There MAY be more troops and LIGHT stores ashore in Eastland from Ju-52/3m Wasser floatplanes - but NO heavy cargo. Why not? Simple. Seaplanes have this really MAJOR problem with tying up beside dock quays and using cranes or winches to unload heavier stores and equipment. To take the simplest first - Ju-52s have SIDE doors, cranes and woinches have this horrible habit of working off horizontal decks, or cargo hold decks. They aren't very good at reaching down and IN to aircraft fuselages...
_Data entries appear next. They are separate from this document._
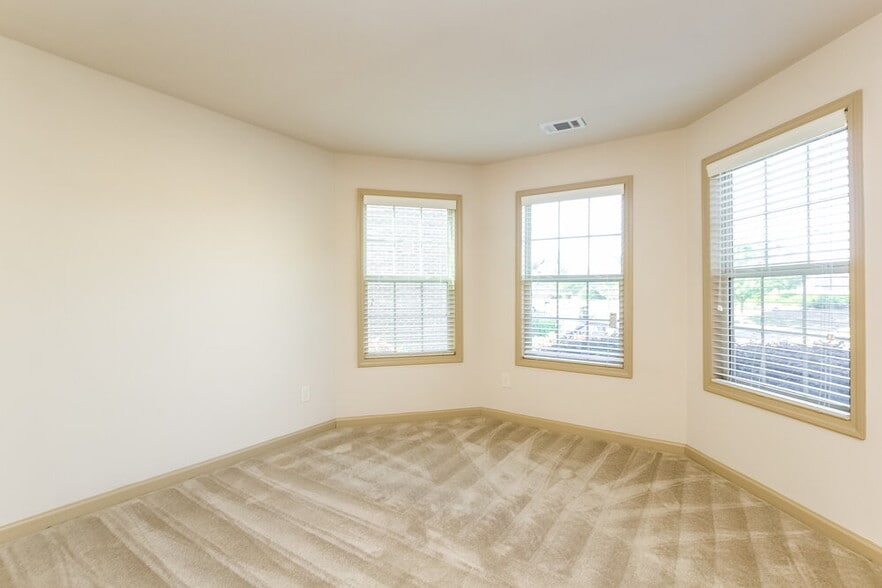 Building Photo - 3336 Montauk Hill Dr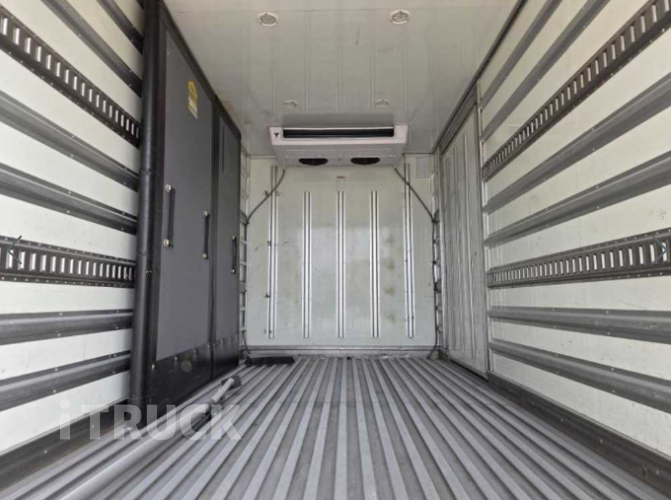 현대 올뉴마이티 2.5톤 냉동탑 9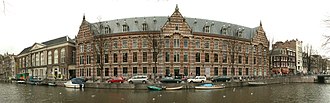 Eastern wing along Kloveniersburgwal canal added in 1891 to replace the Bushuis Bushuis-Adam-Kloveniersburggracht.jpg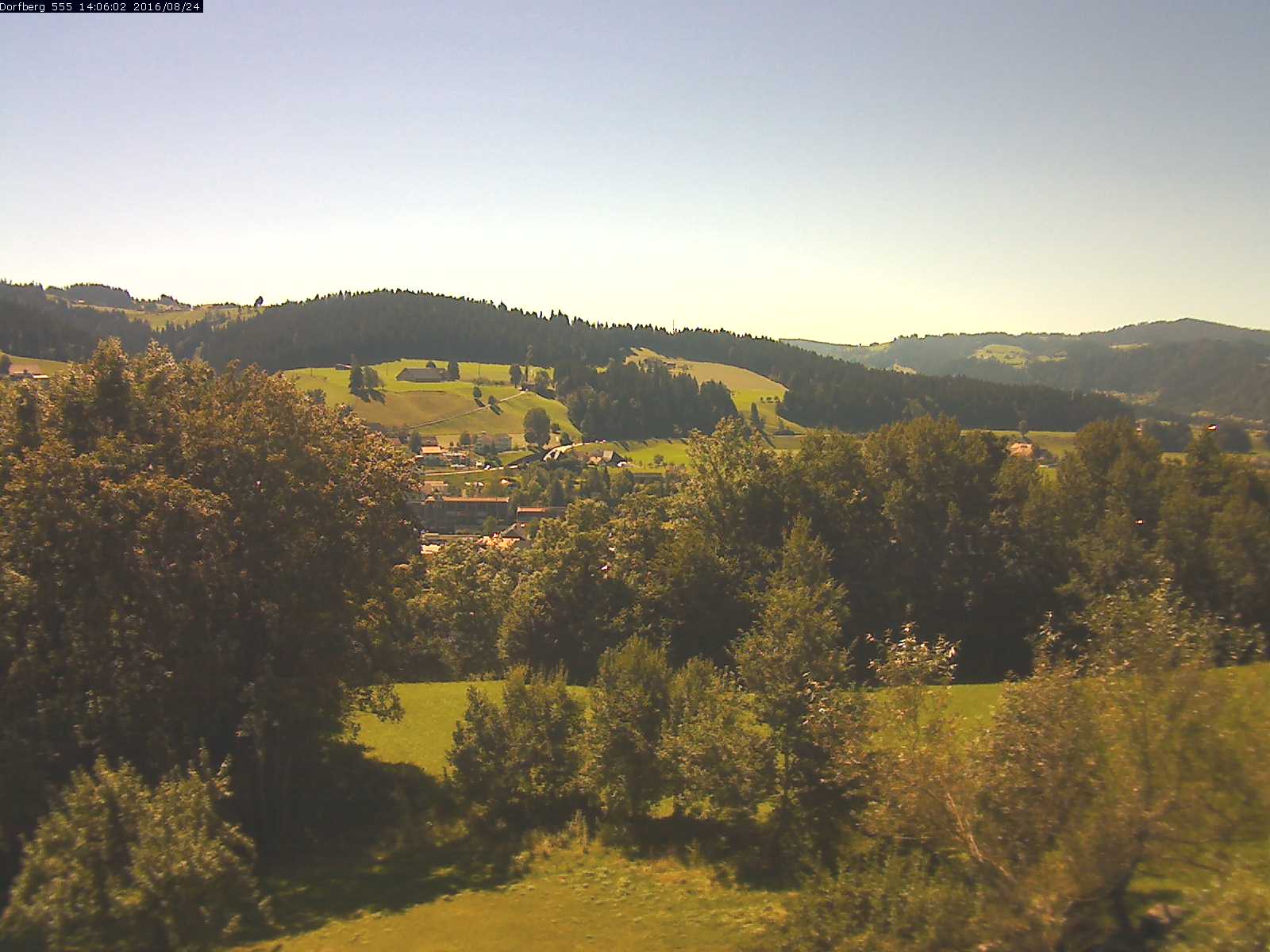 Webcam-Bild: Aussicht vom Dorfberg in Langnau 20160824-140601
However - the MAIN issue is that seaplanes don't tie up at dock quays for unloading. Why not? It's called WINGS. They get in the way. The ONLY sort of quay or pier a seaplane can use is one that floats on the surface of the water OR that is BELOW the level of their cargo doors. The only boats that can unload seaplanes at rest are small boats that can approach right up to the rear of the fuselage WITHOUT being so big as to have to stand off so as not to hit wing or tailplane. Or flat lighters. NO cranes or winches on them either. And all cargo has to be manhandled. This is a historical problem that has affected ALL use of seaplanes or flyingboats to carry cargo of ANY size or type except for people. from the large suitcases and steamer trunks of flyingboat passengers in the 1930s to the RAF using Sunderlands to fly supplies into Berlin in 1948. it ALL has to be manportable and loaded and unloaded by man-power.
Even if all this works - it takes DAYS. Days move fuel and heavy equipment from Reykjavik. Days to prepare airstrips in Eastland for refueling. Therefore days before German troops begin arriving in quantity. Meanwhile in Norway, cargo ships have to be loaded by Norwegian stevedores and labourers with stores and equipment and troops...and have to never talk about what they see or overhear. Ditto the people being forced to work at Vaernes, they need to never hear a single accidental conversation. The plan requires a full military expedition to be readied and mounted inside an unpacified country with the forced labour of people who's relatives you're busy killing a few hundred miles away at most. There is of course NO chance that anyone will see or hear anything that will be of use to the Allies...
And when the Ju-52s get there - they have to be refueled by HAND - this operation doubles and triples the turnaround time for Ju-52s - as happened a year later in greece during the 2nd and thrid days of the Crete invasion. Remember, to reach iceland, a Ju-52 takes at least 5 hours flying time; then a 2-3 hour turnround...AND daylight flying only, no blind flying aids of any kind, neither in position in Norway yet, NOR with the range to reach Iceland. A Ju-52 will only make ONE outward OR return flight every day. And on the 25th or 26th they have to return to Germany for Fall Gelb....
Meanwhile - with dozens of freighters leaving for Iceland from Norwegian ports, and dozens if not hundreds of aircraft being serviced and mustered for the operation, the Germans will be sufffering from the lack of transport they historically relied on in the Norwegian campaign.
And you seriously expect the British to just sit and do nothing??? They can invade Iceland faster that the Germans can - even from a standing start. They have troops already at sea and ready for amphibious assault...especially the forces sitting off Narvik for two weeks longer than planned. Not to mention the forces that historically were NEVER disembarked at all, just left Britain, sailed to Norway, floated around a bit and came home.
Any German staff officer seriously suggesting an operation with SO many individual weaknesses, either/or redundancies and point-failures would be sent to the Russian front...if there HAD been one in 1940!!!